Nella
tormenta di Tangentopoli, che la magistratura con l'approfondimento
delle sue indagini ha articolato in varie branche, si è inserito
anche il giornalismo, quello economico in particolare.
Non poteva essere diversamente, perché in ogni strato della società
operano gli onesti, ma pure i disonesti.
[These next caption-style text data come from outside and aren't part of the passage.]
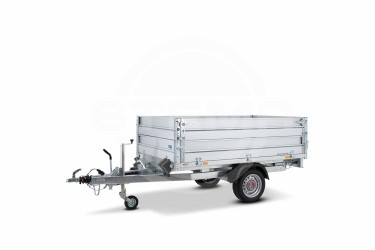 Bordwandaufsatz 30 cm für Rückwärtskipper Rocko Smart (RKE..-23-15..B)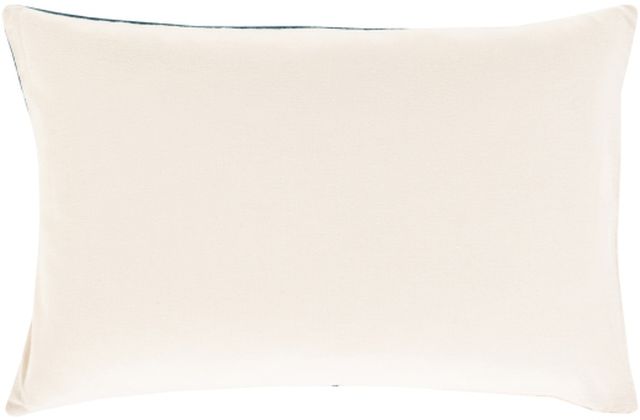 Surya Moza Teal 13"x20" Pillow Shell with Down Insert-2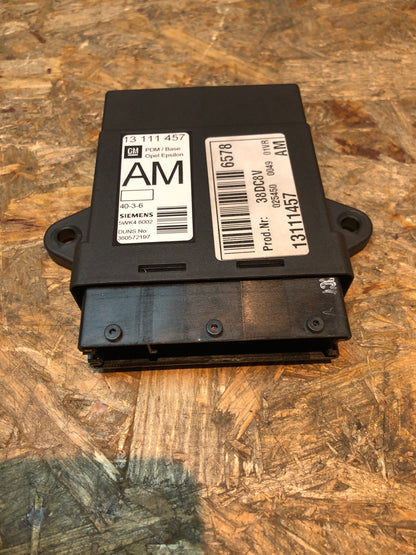 Original GM Opel Vectra C Steuergerät Türe vorne rechts Neu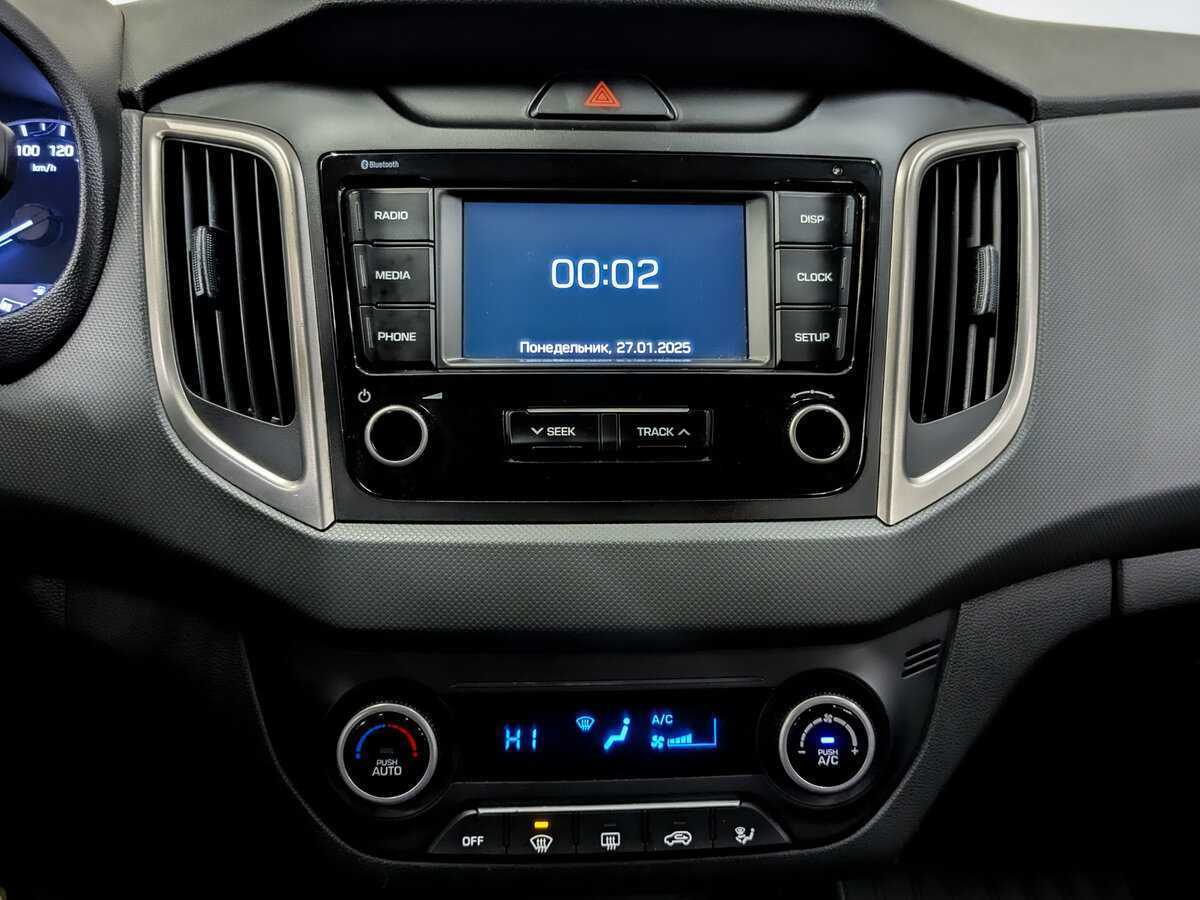 Hyundai Creta с пробегом — 2020 год. Фото: #14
Le localizzazioni che ne derivano
prescindono dalle vocazioni e dalle predisposizioni professionali, perché
hanno a che fare solo con la militanza o la diserzione rispetto alla
propria coscienza.
E così si è parlato ed abbiamo avuto a che fare anche
con le "penne pulite". Rispetto ad esse è intervenuta
la magistratura, con indicazioni e conclusioni per fortuna notevolmente
riduttive del problema. Si sono avute le opportune indicazioni conseguenti
ad approfondimenti scrupolosi dei nostri organismi professionali. Ci
sono state le rettifiche, così come si sono prontamente manifestati
i distinguo: degli estranei e sono tantissimi.
Qualcuno ha detto che i giornalisti possono sbagliare, perché
fra l'altro non sono giudici, e questo ruolo non può mai essere
il nostro, perché esso è dovere di referenza nell'obiettività.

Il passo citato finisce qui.